Extraterritoriale Sanktionen rechtlich umstritten
Rechtlich umstritten sind sogenannten extraterritoriale Sanktionen wie die gegen Nord Stream 2, weil sie nicht direkt dem Schutz des Gebietes, der Staatsbürger oder Unternehmen des sanktionierenden Staates dienen. Im August 2020 hatten US-Senatoren erstmals konkrete Sanktionsdrohungen gegen ein deutsches Unternehmen ausgesprochen, die Betreibergesellschaft des Hafens Mukran auf Rügen. Der Hafen gilt als wichtigster Umschlagplatz für den Bau der Pipeline, der allerdings im Dezember 2019 wegen der US-Sanktionen gestoppt wurde. Die Bundesregierung lehnt extraterritoriale Sanktionen ab, aus der EU-Kommission gab es sogar Äußerungen, die solche Sanktionen als völkerrechtswidrig einstuften.
Gutachten: Mittelbare Auswirkungen auf Sicherheit der USA denkbar
Nach Ansicht der Bundestagsgutachter ist die Argumentation der USA dagegen nicht von der Hand zu weisen. "Auch wenn eine direkte Auswirkung des Nord Stream 2-Projekts auf die nationale Sicherheit der USA fern liegt, so sind mittelbare Auswirkungen nicht auszuschließen", heißt es in dem Gutachten. "Den USA steht es bereits nach den Ausnahmeklauseln im Freundschaftsvertrag und in den WTO-Bestimmungen frei, ihre nationalen Sicherheitsbelange eigenständig zu definieren." Gemeint ist der Freundschaftsvertrag zwischen den USA und Deutschland von 1954.
Gutachten verweist auf politischen Ermessensspielraum der USA
Die von den USA vorgetragenen Argumente zur Gefährdung der nationalen Sicherheit könnten zwar als vorgeschoben empfunden werden, seien aber letztlich "Ausfluss eines politischen Ermessensspielraums, der sich praktisch kaum justitiabel machen lässt", heißt es in dem Gutachten weiter. "Auch existieren keine objektiven völkerrechtlichen Kriterien, um die Auslegung und Anwendung des Schutzprinzips rechtlich einzuhegen."
Diplomatische Lösung des Konflikt empfohlen
Die Gutachter empfehlen der Bundesregierung, eine diplomatische Lösung des Konflikts mit den USA anzustreben.
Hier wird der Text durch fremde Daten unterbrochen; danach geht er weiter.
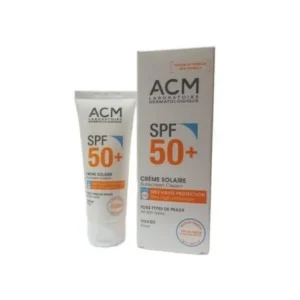 ACM ECRAN SOLAIRE SPF 50+ VISAGE - TOUS TYPES DE PEAUX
Die Linken-Politikerin Dagdelen fordert die Bundesregierung dagegen auf, trotzdem vor den Internationalen Gerichtshof zu ziehen, falls die angedrohten Sanktionen gegen die Betreiber des Hafens auf Rügen umgesetzt würden. "Die Bundesregierung darf nicht vor US-Präsident Trump und seinen dreisten Sanktionsdrohungen einknicken", sagt sie.